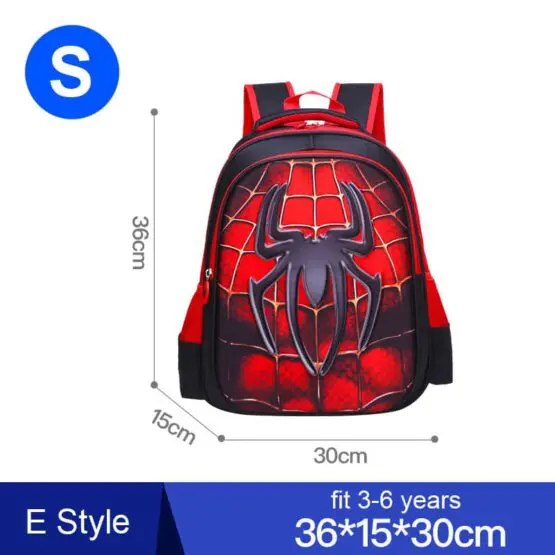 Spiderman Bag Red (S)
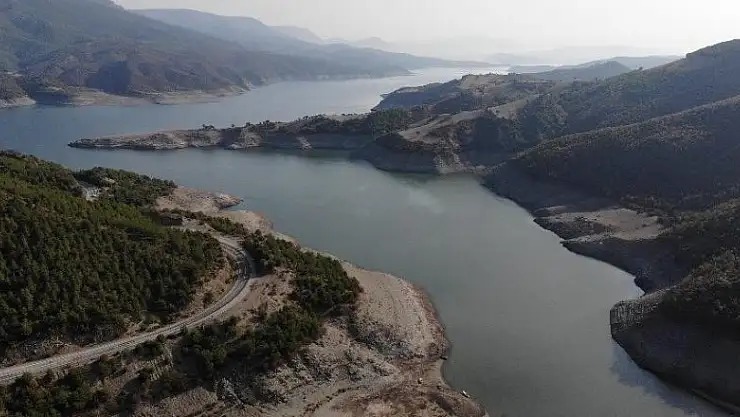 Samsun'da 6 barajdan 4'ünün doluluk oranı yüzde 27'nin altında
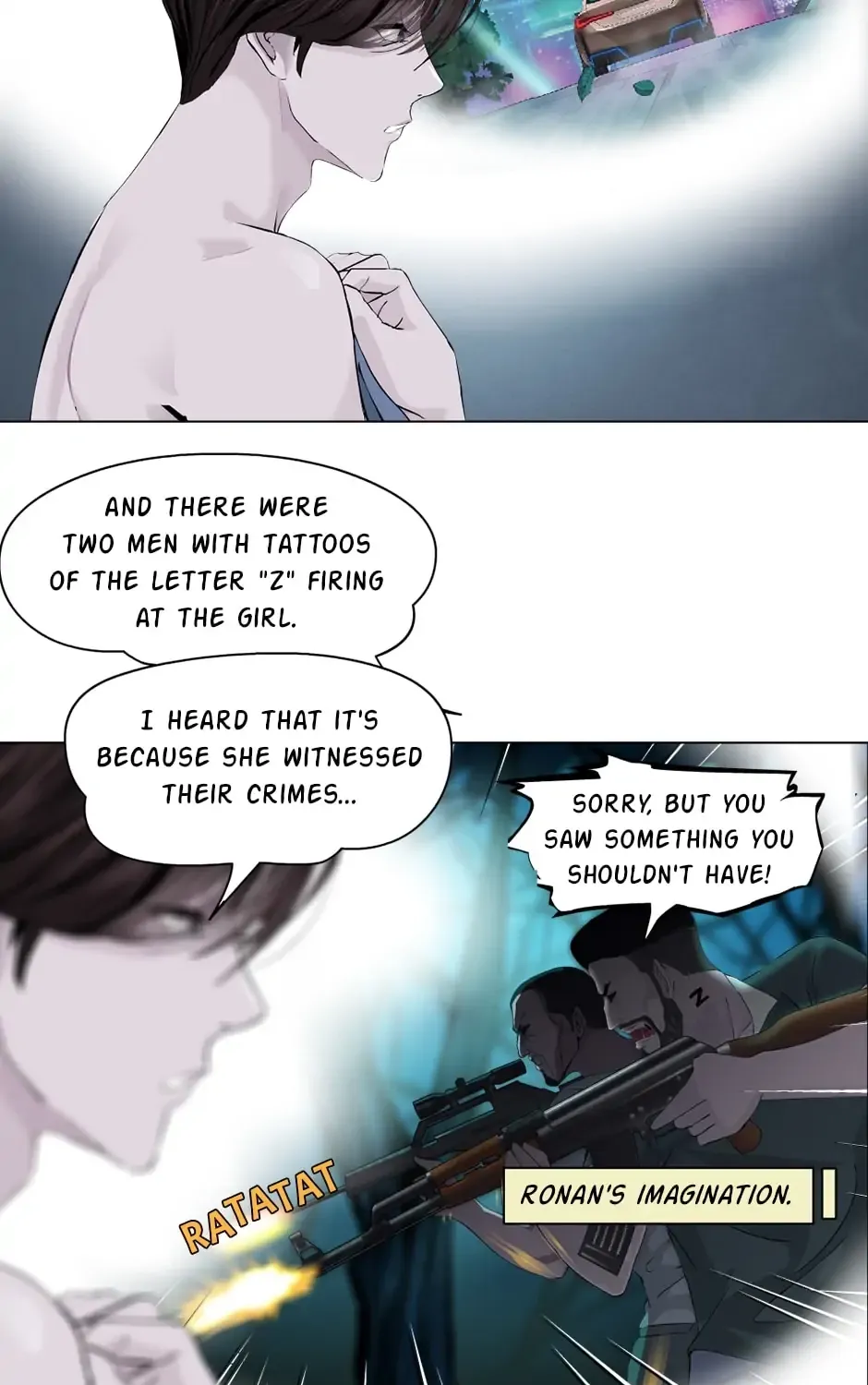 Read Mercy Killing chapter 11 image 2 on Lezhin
■ ■ ■ ■
EXERCISE REQUIREMENTS
Restate the material above word for word, so that nothing changes except that the pictures are gone.

COMPLETED TASK
 Spiderman Bag Red (S)
 Samsun'da 6 barajdan 4'ünün doluluk oranı yüzde 27'nin altında
 Read Mercy Killing chapter 11 image 2 on Lezhin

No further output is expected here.